What if we weren’t so quick as a society to dump our aging parents into nursing homes? What if we weren’t so quick to shuttle our difficult family members into treatment? What if healing happened at home, in the community, where responsibility isn’t a burden but just part of being an active member of our society? What if we all shared the burden of care? In the simplest of ways – by showing inclusion rather that exclusion, by accepting rather than rejecting.

Impossible. We are individually driven in the States and it is up to the individual to find help. Families are ostracized if they have family members with vulnerabilities. I know this because I have been on the receiving end of smiles and read behind them the relief and desire for a quick retreat to the safety of their conventional families waiting at home.

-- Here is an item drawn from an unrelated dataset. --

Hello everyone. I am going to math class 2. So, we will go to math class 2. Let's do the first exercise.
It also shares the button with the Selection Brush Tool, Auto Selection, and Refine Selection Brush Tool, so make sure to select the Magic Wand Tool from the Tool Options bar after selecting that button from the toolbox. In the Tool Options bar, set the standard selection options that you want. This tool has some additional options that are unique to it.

There will always be the stigma of “mental illness” and people afflicted  will never be encouraged to construct a new “self-narrative” for their futures where they are integrated into society, rather than isolated from it. Right from the start when a person describes symptoms that are not within the normal range, a label is slapped on and they are “out of play”. Addiction, “mental illness’, old age, kids who won’t sleep in their own beds – are all considered weak. Less worthy. Less likely to succeed. Out to pasture, out of sight or just forced to conform.

We do not live in a forgiving society.

It is after mid-night in Australia. I haven’t heard from my daughter. If she calls in the middle of the night tonight, I will make her stay on the phone and tell me what’s up. I feel her here with me today. I hope that she is okay.